Reverse payment settlements, which often include payments from brand-name drug manufacturers to generic drug manufacturers in an effort to delay competition from generic drugs, have been challenged in the courts as anticompetitive by the Federal Trade Commission and by drug payers.
Citing the threat that these so-called “pay-for-delay” agreements pose to the availability of affordable medications to states and their citizens, the state amici--among them Arizona, Florida, Illinois, Massachusetts and Texas--called the deals “anticompetitive schemes … that drive up drug prices in order to protect pharmaceutical companies' profits.”
“Keeping generic drugs off the market forces Californians to pay artificially high prices and denies many access to the medication they need,” Harris said in a Jan. 7 statement about the multi-state amicus filing.
Among the chief interest the states have in the case, according to the amici brief, is their interest in access to lower-cost generic drugs because the states--through their state Medicaid programs--“are significant third-party payors for, and direct purchasers of pharmaceuticals.” In 2008, state and local governments spent $14.5 billion for prescription drugs, and health care spending gobbled up 24 percent of state revenues, the brief said.
In addition, the states said they want to protect state consumers and businesses from anticompetitive conduct that delays the entry of cheaper generic drugs from the market and enforce federal and state antitrust laws against anticompetitive reverse payment agreements of the kind found legal in case from the lower court.
“When, as here, the legal standard as to reverse payment agreements is subject to widely differing interpretations and results,” the brief said, “State antitrust enforcers need clear guidance to fulfill their role to protect their consumers and businesses from anticompetitive agreements.”
“The Attorneys General,” the brief continued, “need guidance as to the legality of reverse payment agreements that clearly eliminate generic competition and impact our States' budgets and citizens.”
The AGs' brief supports a petition for a writ of certiorari filed Dec. 6, 2010, by drug purchasers Arthur's Drug Store Inc., Louisiana Wholesale Drug Co., CVS, and Rite Aid.
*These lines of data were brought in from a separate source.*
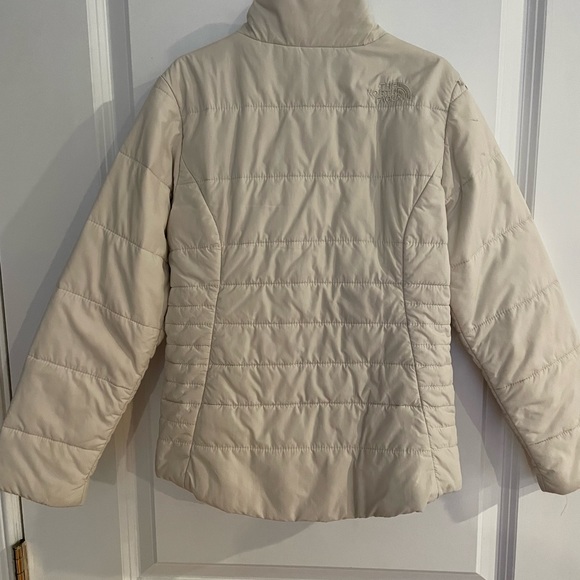 The North Face jacket. Cream color in size xs/6 girls. - Picture 2 of 4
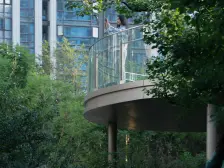 中海寰宇时代,门口就是轻轨站,次新小区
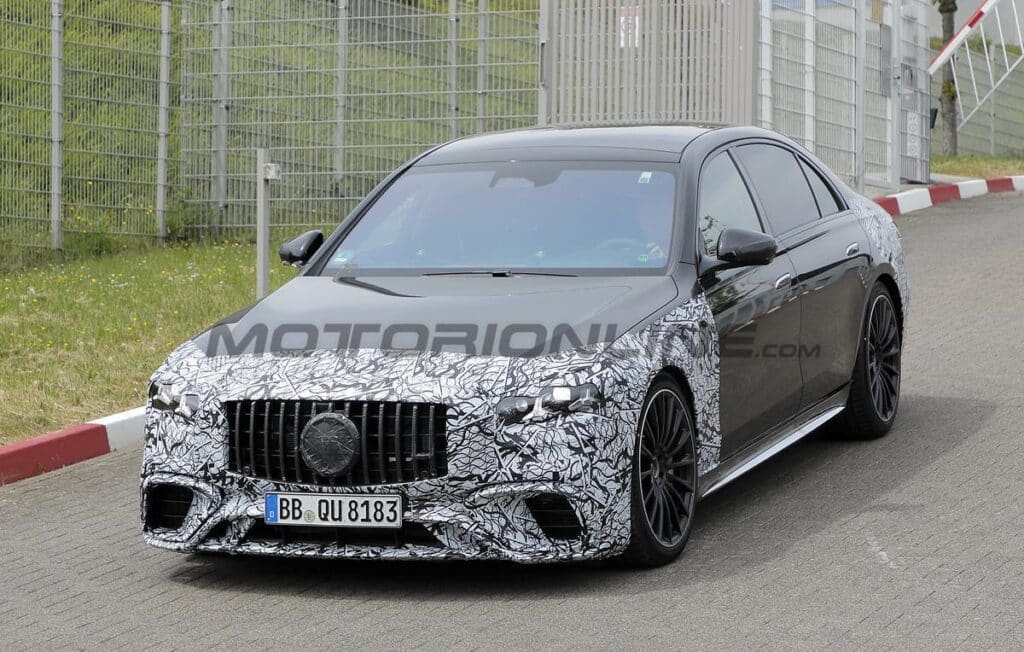 Mercedes-AMG S 63 2026: le FOTO SPIA del restyling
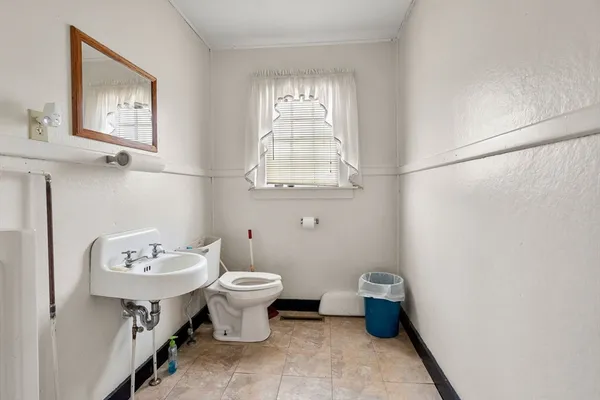 $399,000 | 391 Onset Avenue, Wareham, MA 02558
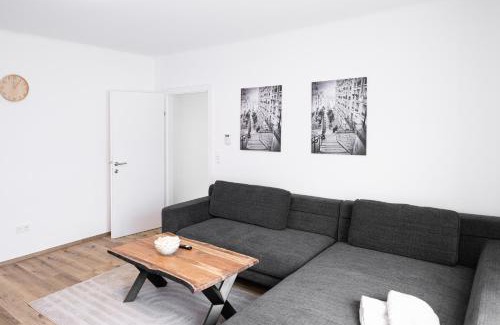 Linz Apartamento | Luxury Sedda Bed, Nespresso, Netflix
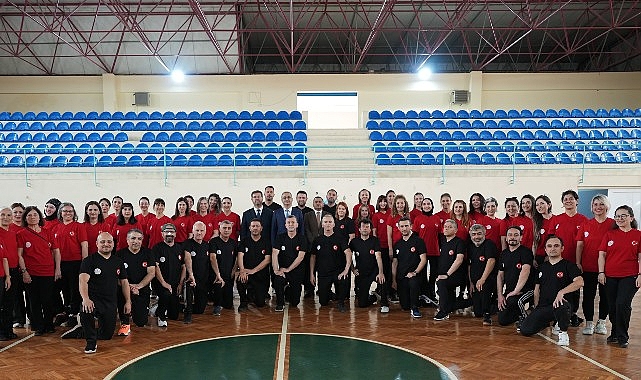 Maarif Orkestrası ve Halk Dansları Topluluğu, Öğretmenleri Kültürel Bir Yolculuğa Çıkarıyor – Kamu Çalışanı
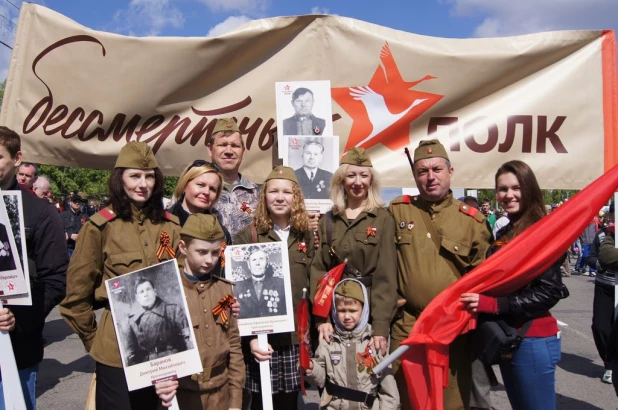 Участники "Бессмертного полка" в Барнауле. 9 мая 2016 года.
The purchasers seek review of a decision of the U.S. Court of Appeals for the Second Circuit known as Arkansas Carpenters Health and Welfare Fund v. Bayer, 604 F.3d 98 (2d Cir. 2010). En banc rehearing of the Second Circuit decision was denied in September 2010.
In their amicus brief, the attorneys general argue that the Second Circuit's decision wrongly ”establishes almost irrebuttable presumptions of patent validity and infringement based solely on the patent holder's untested assertions of validity and infringement.”
But, the amici argued, these presumptions are “judicially-made” and “have no basis in law or fact.” Indeed, the amici argued that “Reverse payment agreements are a species of horizontal market allocation agreements, under which competing drug companies collude and allocate 100% of the market to the branded company.” Such agreements, they said, are not eligible for immunity from judicial scrutiny under the antitrust law.
In addition, the amici states argued that allowing “such collusive competitor agreements” undermines the intent of the Drug Price Competition and Patent Term Restoration Act of 1984 (known as the Hatch-Waxman Act), 21 U.S.C. § 355(j) (2006), which was enacted to improve consumer access to generic drugs.
Patent rights, the amici claimed, do not encompass the right to pay competitors not to compete.
The case involves a challenge to a patent settlement between Bayer AG, owner of a patent (4,670,444) on ciprofloxacin (the active ingredient in Cipro), and prospective generic Cipro makers Barr Laboratories Inc., Hoechst Marion Roussel Inc., the Rugby Group Inc., and Watson Pharmaceuticals Inc.
Pursuant to the settlement, the generic drug firms conceded the validity of Bayer's patent and agreed not to manufacture or sell competing versions of the drug during the patent term. In return, Bayer agreed to pay and eventually paid the manufacturers almost $400 million for the duration of the patent minus six months. It further agreed to a license whereby the generic firms could sell brand-name Cipro at a reduced rate during those last six months of the patent term.
Subsequently, approximately 38 class action complaints were filed against Bayer and Barr by direct and indirect purchasers of Cipro, including the Arkansas Carpenters Health and Welfare Fund, as well as by individual plaintiffs. The plaintiffs alleged that the agreement unlawfully restrained trade in ciprofloxacin. The cases were consolidated, and Judge David G. Trager of the U.S. District Court for the Eastern District of New York granted summary judgment in favor of the defendants. The plaintiffs appealed to the Second Circuit.
In deciding the case, the Second Circuit panel said it was bound by prior precedent in In re Tamoxifen Citrate Antitrust Litigation, 466 F.3d 187 (2d Cir. 2006), a decision in which a Second Circuit panel also deemed legal such settlements and payment arrangements, unless they exceed the scope of the drug patent's protection.
The case widened an existing split in the federal circuits on the issue of the legality of reverse payment agreements. The U.S. Court of Appeals for the Eleventh Circuit's decision in Schering-Plough Corp. v. FTC (3 PLIR 243, 3/11/05), the U.S. Court of Appeals for the Federal Circuit's decision in In re Ciprofloxacin Hydrochloride Antitrust Litigation, 544 F.3d 1323 (Fed. Cir. 2008) (6 PLIR 1199, 10/24/08), and the U.S. Court of Appeals for the Second Circuit's ruling in In re Tamoxifen Citrate allowed such settlements unless they exceed the scope of the patent's protection.
However, the U.S. Court of Appeals for the Sixth Circuit in In re Cardizem CD Antitrust Litigation, 332 F.3d 896 (6th Cir. 2003) (1 PLIR 666, 6/20/03) held that these deals are per se illegal.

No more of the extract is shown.